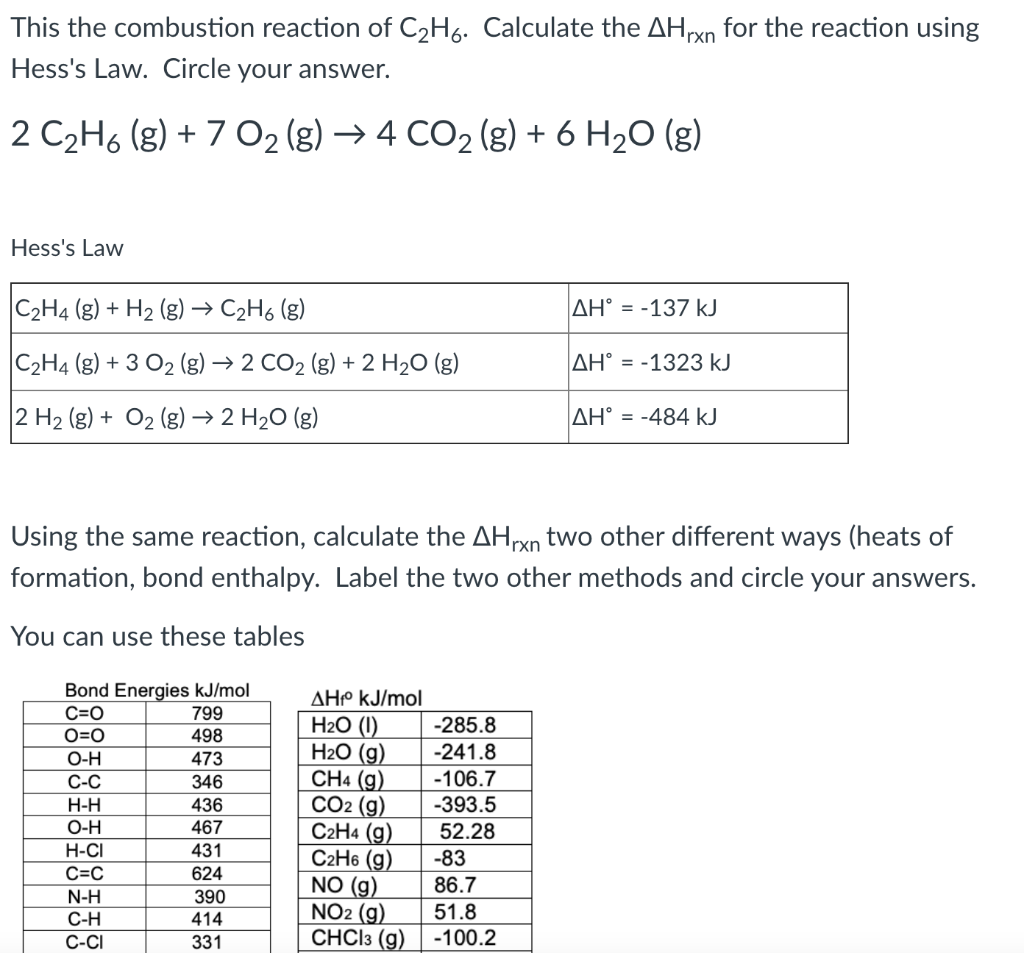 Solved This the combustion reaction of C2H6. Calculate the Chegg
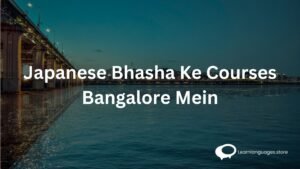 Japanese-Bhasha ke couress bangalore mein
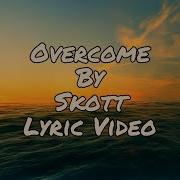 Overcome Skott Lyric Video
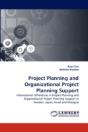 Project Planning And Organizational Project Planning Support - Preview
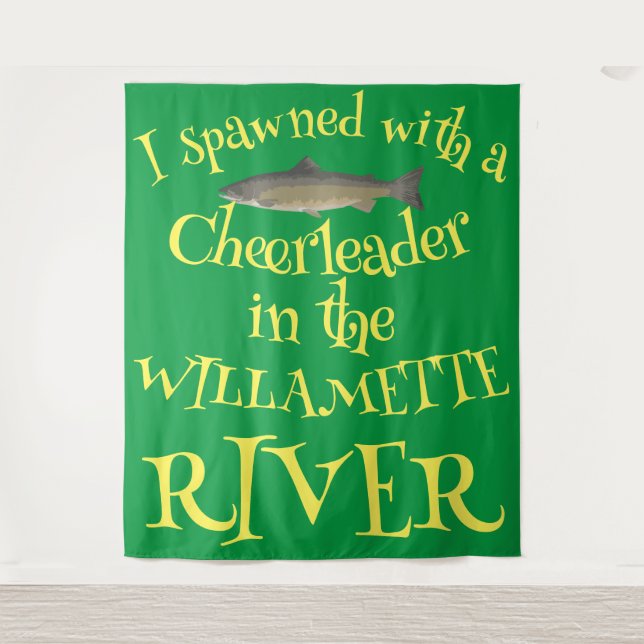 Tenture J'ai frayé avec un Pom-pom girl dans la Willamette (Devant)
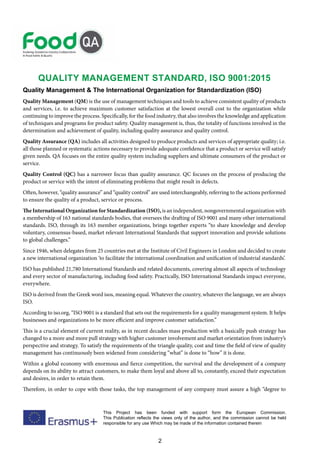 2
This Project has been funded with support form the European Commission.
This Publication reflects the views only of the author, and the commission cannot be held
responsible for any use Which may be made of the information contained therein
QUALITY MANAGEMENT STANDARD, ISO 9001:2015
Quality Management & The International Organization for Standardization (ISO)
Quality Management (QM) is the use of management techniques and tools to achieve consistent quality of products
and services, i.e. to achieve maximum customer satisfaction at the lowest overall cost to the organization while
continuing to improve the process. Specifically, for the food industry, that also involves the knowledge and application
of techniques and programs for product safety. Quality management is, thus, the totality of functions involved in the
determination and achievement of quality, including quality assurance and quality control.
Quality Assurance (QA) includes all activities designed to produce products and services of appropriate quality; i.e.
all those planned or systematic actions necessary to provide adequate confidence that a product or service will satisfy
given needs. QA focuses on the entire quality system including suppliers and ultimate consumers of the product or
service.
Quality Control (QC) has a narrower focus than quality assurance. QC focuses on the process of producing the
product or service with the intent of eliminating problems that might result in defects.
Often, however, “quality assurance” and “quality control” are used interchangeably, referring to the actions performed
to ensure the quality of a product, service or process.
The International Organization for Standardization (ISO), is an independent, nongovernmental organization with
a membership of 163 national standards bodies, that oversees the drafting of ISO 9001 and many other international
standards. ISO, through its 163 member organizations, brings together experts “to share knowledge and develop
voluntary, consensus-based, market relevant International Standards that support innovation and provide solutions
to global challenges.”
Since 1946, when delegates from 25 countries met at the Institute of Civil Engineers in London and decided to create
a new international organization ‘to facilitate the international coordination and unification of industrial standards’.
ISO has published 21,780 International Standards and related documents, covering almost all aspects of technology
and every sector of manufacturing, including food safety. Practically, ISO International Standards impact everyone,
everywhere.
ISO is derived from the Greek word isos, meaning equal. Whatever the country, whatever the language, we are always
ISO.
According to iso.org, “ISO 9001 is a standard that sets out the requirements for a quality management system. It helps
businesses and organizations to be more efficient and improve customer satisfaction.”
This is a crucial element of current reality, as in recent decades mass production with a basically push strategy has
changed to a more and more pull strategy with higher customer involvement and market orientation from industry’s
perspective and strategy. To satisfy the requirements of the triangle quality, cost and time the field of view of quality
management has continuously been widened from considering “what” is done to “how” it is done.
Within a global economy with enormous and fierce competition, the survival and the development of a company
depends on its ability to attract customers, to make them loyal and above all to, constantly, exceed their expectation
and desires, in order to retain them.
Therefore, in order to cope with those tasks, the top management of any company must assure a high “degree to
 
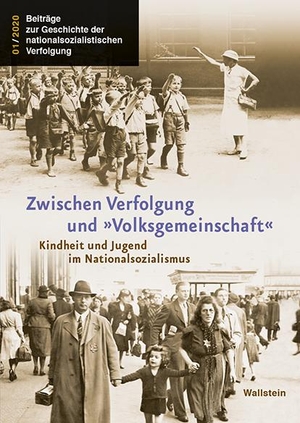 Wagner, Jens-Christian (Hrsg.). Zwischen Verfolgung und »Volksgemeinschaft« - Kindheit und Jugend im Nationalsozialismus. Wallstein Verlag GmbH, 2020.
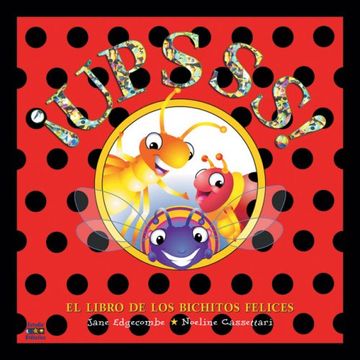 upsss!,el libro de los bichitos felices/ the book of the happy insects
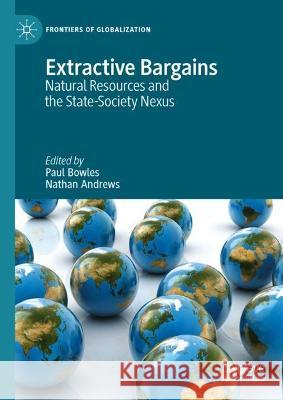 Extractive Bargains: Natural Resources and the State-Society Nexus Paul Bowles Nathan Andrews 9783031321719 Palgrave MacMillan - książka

────────────────

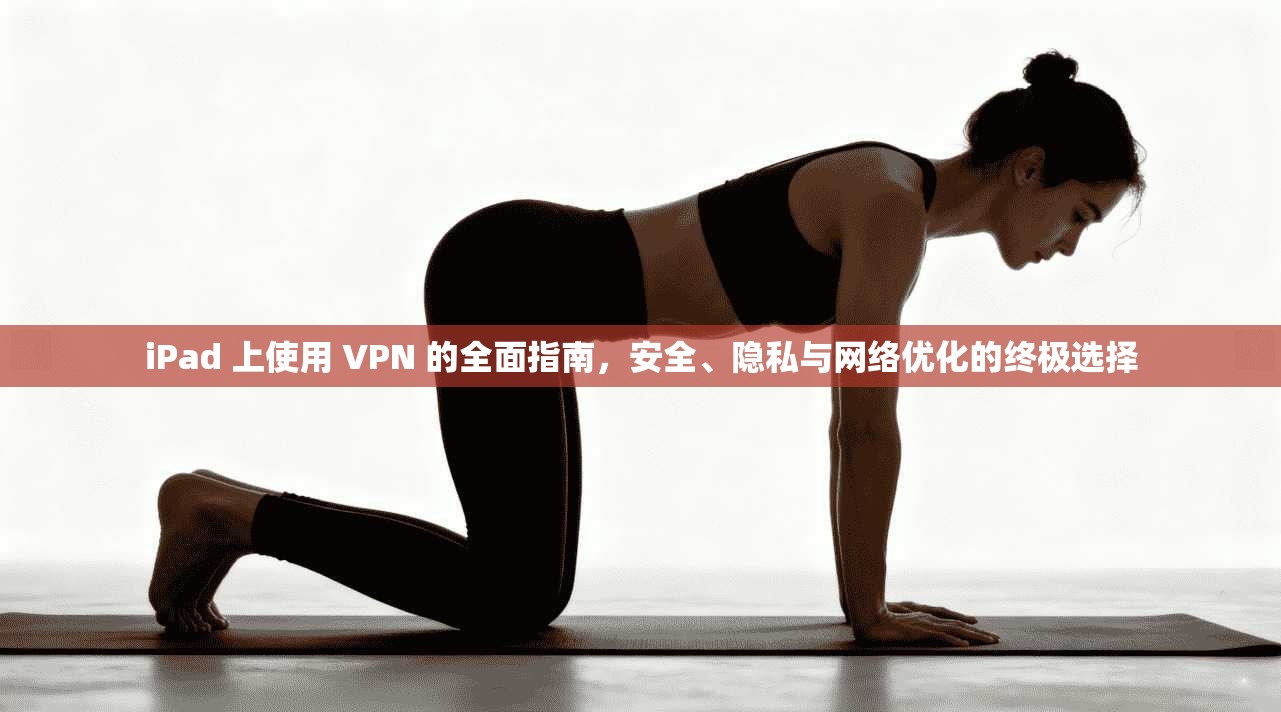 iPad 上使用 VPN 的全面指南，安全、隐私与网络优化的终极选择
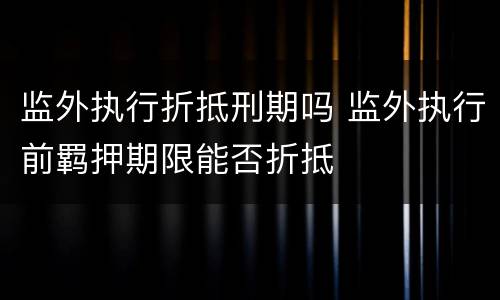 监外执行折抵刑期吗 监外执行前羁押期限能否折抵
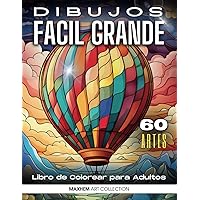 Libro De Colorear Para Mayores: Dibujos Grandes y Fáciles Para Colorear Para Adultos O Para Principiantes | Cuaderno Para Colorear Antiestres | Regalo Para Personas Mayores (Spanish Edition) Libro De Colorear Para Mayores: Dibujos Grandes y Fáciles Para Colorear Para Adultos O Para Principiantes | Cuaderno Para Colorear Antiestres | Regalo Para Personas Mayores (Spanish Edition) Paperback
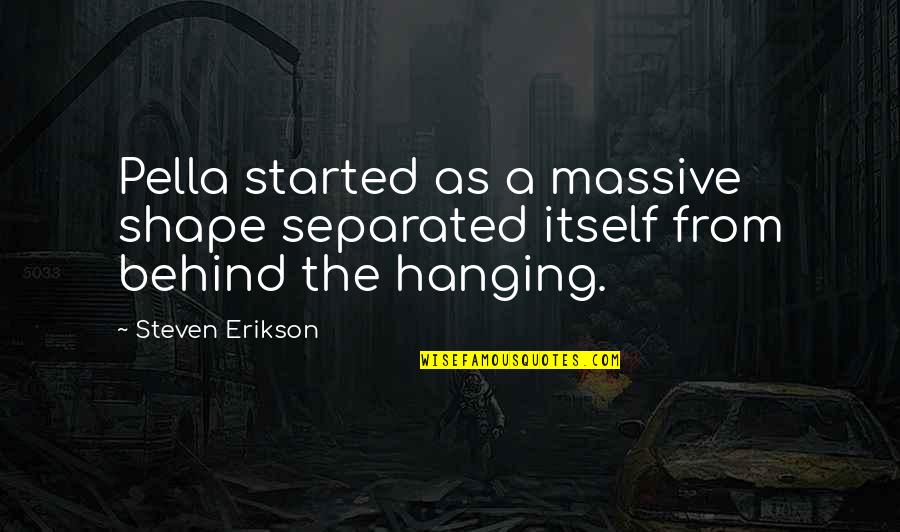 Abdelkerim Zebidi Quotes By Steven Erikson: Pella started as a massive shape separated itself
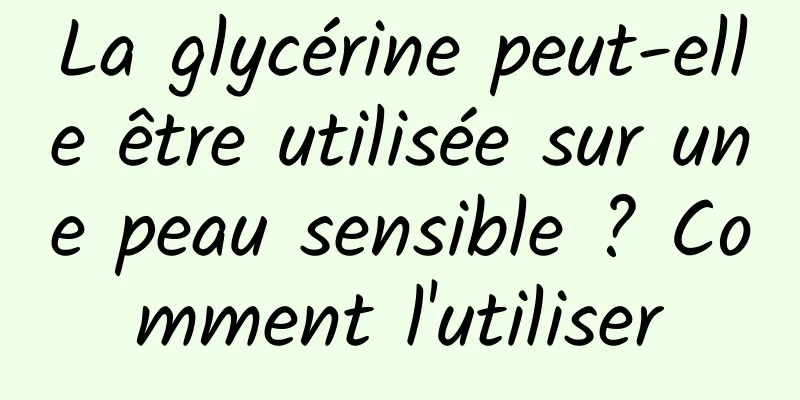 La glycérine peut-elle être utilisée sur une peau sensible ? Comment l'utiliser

────────────────

YOUR GOAL:
Keep both end lines and retype everything in the records above from the line containing "responsible for any" through the line containing "Quality Management (QM)", exactly, with nothing else.

FINISHED TASK:
responsible for any use Which may be made of the information contained therein
QUALITY MANAGEMENT STANDARD, ISO 9001:2015
Quality Management & The International Organization for Standardization (ISO)
Quality Management (QM) is the use of management techniques and tools to achieve consistent quality of products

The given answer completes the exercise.